Heller looked at one of the girls. “You can’t get to first base if you don’t.”

They all of them burst into screams of laughter. I tried and tried to figure out what they were laughing about. (Bleep) that Heller, anyway. Always so obscure. And he had no right to start currying popularity. He was an extraterrestrial, an interloper! Besides, they were pretty girls.

“Name’s Muggins,” said the boy. “This is Christine and Coral — they’re from Barnyard College: that’s part of Empire but all women, oh boy!”

“My name’s Jet,” said Heller.

“C’m up’n see us s’m’time,” said Christine.

They all laughed again, waved and walked on down the broad steps.

And here came Epstein!

He was dragging an enormously long roll of something behind him. It was about a foot in diameter and certainly over twelve feet long! He passed the fountain and then the statue. He stopped a couple steps below Heller. He was dressed in a shabby gray suit and a shabby gray hat and, in addition to the roll, he was carrying a very scuffed up, cheap attache case. He sank down on a step, puffing.

“And how is Mr. Epstein?” said Heller cheerfully.

“Oh, don’t call me that,” said Epstein. “It makes me uncomfortable. Please call me Izzy. That’s what everybody does.”

“Good. If you’ll call me Jet.”

“No. You are really my superior as you have the capital. I should call you Mr. Wister.”

“You have forgotten,” said Heller, “that you are responsible for me now. And that includes my morale.” Then he said very firmly, “Call me Jet.”

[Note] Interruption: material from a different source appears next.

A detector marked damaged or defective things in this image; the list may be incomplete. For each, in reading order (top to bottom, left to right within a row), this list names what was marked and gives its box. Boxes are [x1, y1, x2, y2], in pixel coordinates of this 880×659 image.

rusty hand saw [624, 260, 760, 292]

Izzy Epstein looked unhappy. Then he said, “All right, Mr. Jet.”

Heller must have given it up. “I see you found some clothes. I was worried that they’d all been destroyed.”

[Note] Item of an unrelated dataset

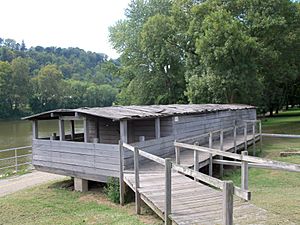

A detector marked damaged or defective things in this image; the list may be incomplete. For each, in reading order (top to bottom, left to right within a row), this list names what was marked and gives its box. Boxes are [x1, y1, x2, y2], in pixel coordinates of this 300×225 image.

rusty metal roof panel [22, 104, 255, 120] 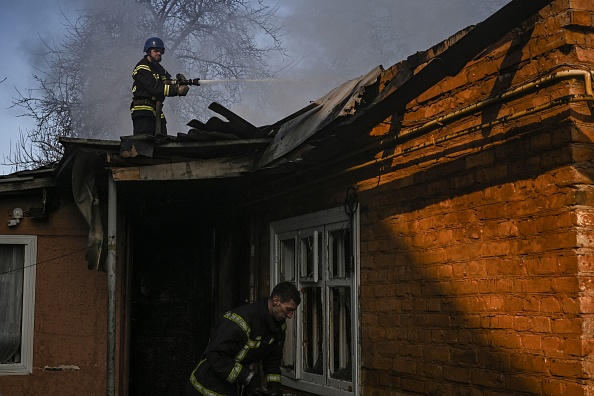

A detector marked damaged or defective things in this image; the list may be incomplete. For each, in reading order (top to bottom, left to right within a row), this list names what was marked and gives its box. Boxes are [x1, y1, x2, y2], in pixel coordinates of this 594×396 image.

damaged brick wall [354, 0, 592, 394]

“Oh, yes. I took a bath in the gym and I got two suits, this hat and this briefcase from the Salvation Army Good Will. They wouldn’t do for you, of course, but if I dressed too well, I would attract attention and invite bad luck. One must never appear to be doing too well-the lightning will strike.”

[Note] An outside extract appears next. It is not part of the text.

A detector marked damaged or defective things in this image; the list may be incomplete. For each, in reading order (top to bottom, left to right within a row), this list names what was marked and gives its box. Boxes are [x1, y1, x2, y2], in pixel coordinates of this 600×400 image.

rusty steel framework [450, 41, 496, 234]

This Izzy Epstein was turning my stomach. It was quite obvious that he was a neurotic depressive with persecution complexes and had overtones of religio-mania, evident in his fixations on fate. A fine mess he would make for Heller. Neurotics are never competent. But on the other hand, it was really a break for me that Heller had run into him. The fellow couldn’t even manage his own affairs, much less Heller’s.

“Well, you look better, anyway,” said Heller.

“Oh, I’m exhausted! I have been working flat out all night to prepare a proposal for you. The only building I could find open was the Art College, so I had to use their materials.”

“Is that what that is?”

“This roll? Yes. All they had left out was studio paper — the kind they use behind models, twelve feet wide, a hundred feet long. And they didn’t leave out any scissors. So I used that.”

He tried to unroll it. But he didn’t have enough arm reach. Heller started to help him but Izzy said, “No, no. You’re the investor. You there!” he called out suddenly.

A couple of new students had come out of the library. Izzy stopped them at the top of the huge, wide stairway. “You hold this end,” he said to one. “And you this end,” he said to the other. “Now, hold it tight.” The two stood there, twelve feet apart, holding the top of the roll.

Heller had followed Izzy up. Izzy took the roll and backed down two steps, unreeling it. At the top, in wild, garish ink, all along it, it said: Confidential Draft.

“You will probably find it too colorful,” said Izzy, understating it like mad, for it was blazing in the sunlight, “but they had only left around old dried-up pots of poster paint and I had to mix it with water. And there were only some discarded brushes. But, it will give you the idea.”

He backed down two more steps. Revealed to view were some odd lines and symbols. It looked like three wooden hay forks raking apples — and all of different colors, all bright.

“Now, that first row is what we call the mask corporations. We incorporate those separately in New York, New Jersey, Nevada and Delaware. They all have different, noninterlocking boards of directors.”

He backed down another step unrolling the roll further. But there was a bit of wind. Two more students, eating sandwiches, were paused nearby. Izzy sent one to the far side and one to the right side and told them to hold it steady and they did.